SOURCE MATERIAL:
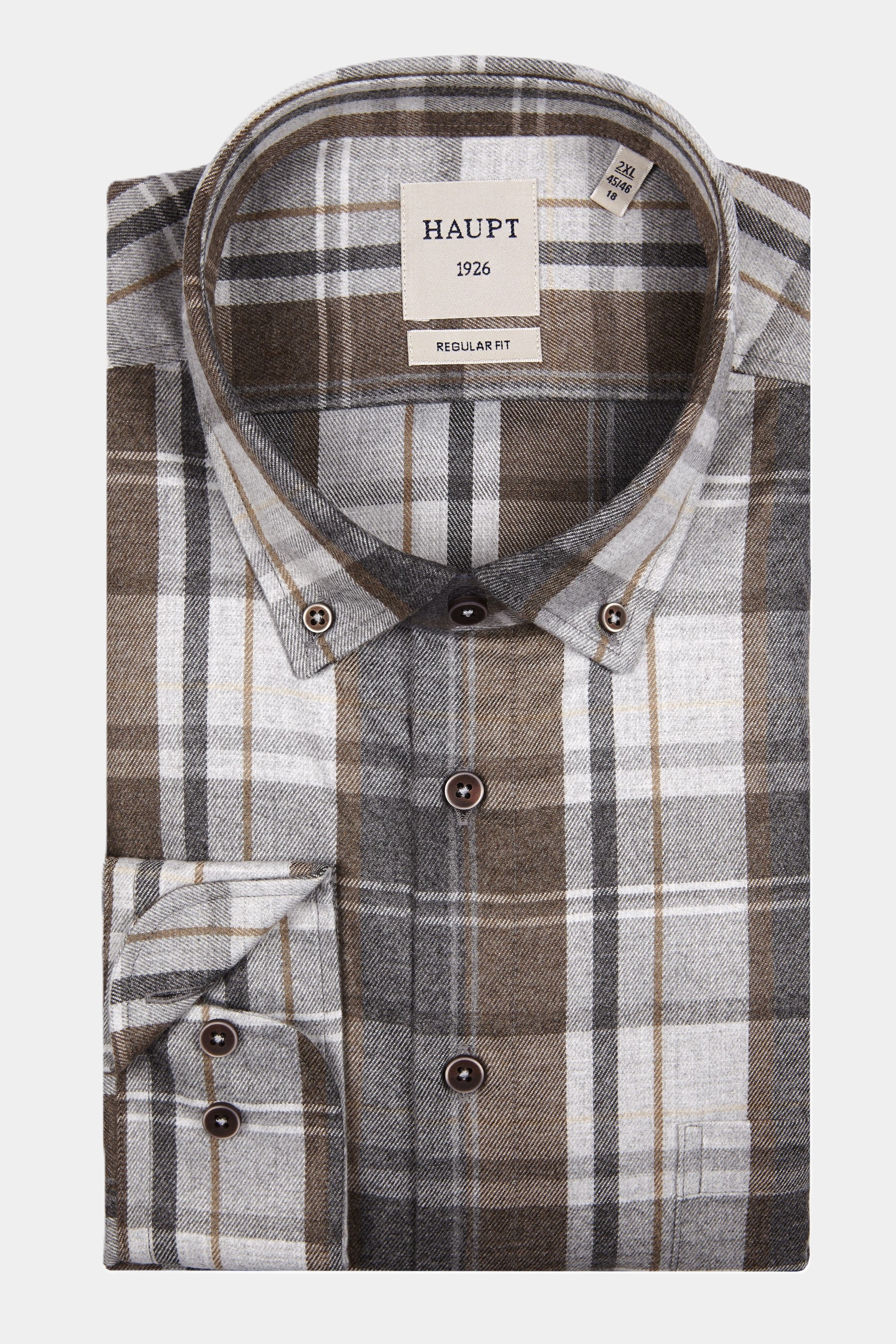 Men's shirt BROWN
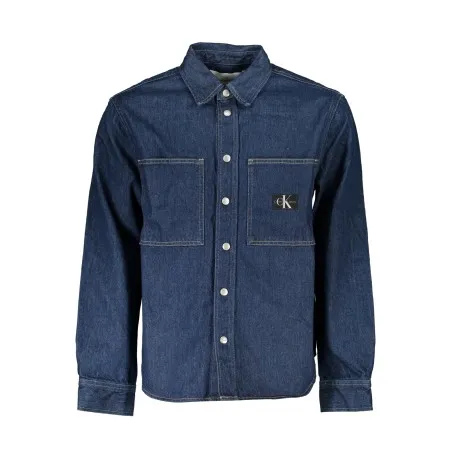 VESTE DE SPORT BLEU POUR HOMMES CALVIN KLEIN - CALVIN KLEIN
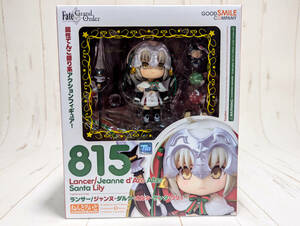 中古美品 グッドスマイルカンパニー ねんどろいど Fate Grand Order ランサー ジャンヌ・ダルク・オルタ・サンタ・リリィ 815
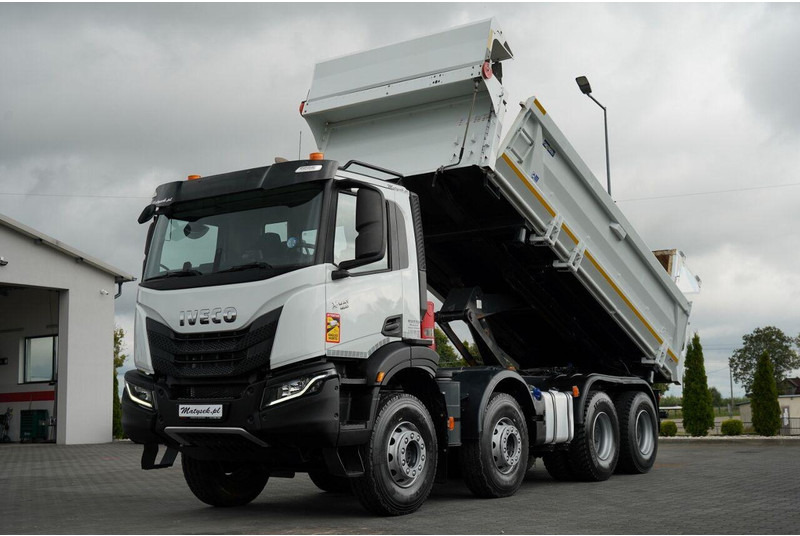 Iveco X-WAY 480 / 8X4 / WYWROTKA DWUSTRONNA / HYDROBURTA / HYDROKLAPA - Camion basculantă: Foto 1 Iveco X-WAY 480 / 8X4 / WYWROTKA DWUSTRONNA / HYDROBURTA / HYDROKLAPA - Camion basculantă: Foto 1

WHAT IS BEING ASKED:
All of the material above is to be retyped verbatim, with its pictures omitted.

RESPONSE FOR THIS EXERCISE:
 Men's shirt BROWN
 VESTE DE SPORT BLEU POUR HOMMES CALVIN KLEIN - CALVIN KLEIN
 中古美品 グッドスマイルカンパニー ねんどろいど Fate Grand Order ランサー ジャンヌ・ダルク・オルタ・サンタ・リリィ 815
 Iveco X-WAY 480 / 8X4 / WYWROTKA DWUSTRONNA / HYDROBURTA / HYDROKLAPA - Camion basculantă: Foto 1 Iveco X-WAY 480 / 8X4 / WYWROTKA DWUSTRONNA / HYDROBURTA / HYDROKLAPA - Camion basculantă: Foto 1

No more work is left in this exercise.